THREE THINGS THAT SCARE YOU
1. fire!
2. paper wasps.
3. assorted hornets.

THREE OF YOUR EVERYDAY ESSENTIALS
1. perfume.
2. burt's bees lip wax.
3. iced tea.

THREE THINGS YOU ARE WEARING RIGHT NOW
1. black chuck taylor converse high tops.
2. navy levis 518s.
3. black spaghetti strap.

THREE OF YOUR FAVOURITE BANDS/MUSICAL ARTISTS
1. alanis morissette.
2. def leppard.
3. motley crue.
(there are oh so many more...)

THREE OF YOUR FAVOURITE SONGS
1. rosenrot by rammstein.
2. californication by the red hot chili peppers.
3. rappunzel by megaherz. 

THREE NEW THINGS YOU WANT TO TRY IN THE NEXT 12 MONTHS
1. letting my eyebrows grow out haha.
2. not wearing any makeup and being comfortable that way.
3. running alot.

THREE THINGS YOU WANT IN A RELATIONSHIP
1. honesty.
2. fun...happy times rule!
3. something that lasts.

TWO TRUTHS AND A LIE
1. hot pink is my favourite colour ever.
2. i love mexican food.
3. i love italian food.

THREE THINGS ABOUT THE OPPOSITE SEX THAT APPEAL TO YOU
1. clean, white teeth.
2. muscle and tone. i don't like scrawn a whole lot.
3. well (but not TOO well) groomed eyebrows.

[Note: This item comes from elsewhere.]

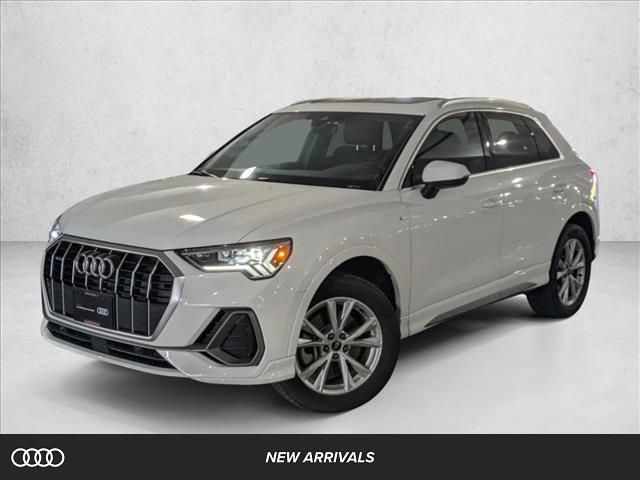 2023 Audi Q3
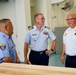 U.S. Coast Guard opens new facility in Guam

THREE OF YOUR FAVOURITE HOBBIES
1. makeup!
2. photography.
3. writing.

THREE THINGS YOU WANT TO DO REALLY BADLY RIGHT NOW
1. go work out.
2. go get some sushi.
3. go to work (haha, for real.)

THREE CAREERS YOU'RE CONSIDERING
1. law.
2. law.
3. law.

THREE PLACES YOU WANT TO GO ON VACATION
1. the motherland, ireland.
2. the homecountry, ireland. (can you tell where i really want to go someday?)
3. new york.

THREE KID'S NAMES
1. aideen
2. arielle
3. adelle

THREE THINGS TO DO BEFORE I DIE
1. go to ireland with my sister.
2. save someone's life. 
3. be on television haha...for something good, though!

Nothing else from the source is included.